Lucy: The Discussion Continues

Brent and Nick break down Luc Besson's latest.

By Brent McKnight | Updated

This article is more than 2 years old

LucySupporting Players

Nick: I really, really wish Freeman and those other “scientists” weren’t in this movie.

Brent: Agreed, they are by far the weak link. You know Besson included them to give an air of authority and fact to his bullshit science, like they went through their Rolodex looking for someone people believe and landed on Morgan Freeman. “He’ll take a check and let us borrow that deep, authoritative tone.” But all those scenes do is take up time and screw up the flow. The only times the pace slows down are during those scenes.

Nick: Especially in the beginning, as Lucy’s life is happening and Freeman is quasi-narrating. What’s weird though, is that he stumbles over his words a few times, stuttering when he shouldn’t. If I’m going to get yet another Morgan Freeman-knows-all role, he’d better damned well be filmed nailing the lines.
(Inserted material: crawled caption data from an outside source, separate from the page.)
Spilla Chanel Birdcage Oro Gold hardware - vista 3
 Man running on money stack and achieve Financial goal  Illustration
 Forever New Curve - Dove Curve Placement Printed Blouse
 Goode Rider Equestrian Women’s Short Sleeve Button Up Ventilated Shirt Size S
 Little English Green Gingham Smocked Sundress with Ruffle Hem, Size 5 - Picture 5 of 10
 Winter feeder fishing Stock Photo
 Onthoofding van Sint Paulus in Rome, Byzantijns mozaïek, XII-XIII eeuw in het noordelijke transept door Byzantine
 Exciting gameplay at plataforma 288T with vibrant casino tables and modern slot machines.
Brent: He’s barely even phoning it in.

Nick: Even though there’s technically no real reason why this film took place in Taiwan[Ed. Besson said he chose the location because he filmed part of The Fifth Element there and always wanted a reason to go back], I’m glad that it gave them a chance to use Oldboy‘s Choi Min-sik as an unintelligible and impulsive villain. It didn’t matter that he barely speaks, English or anything else. He speaks bloodthirst.

Brent: His introduction is super badass. White suit, splattered with blood, looking bored with whatever horrible things he just did to another person. He doesn’t need to talk, he just has a threatening presence onscreen, an animal, visceral menace.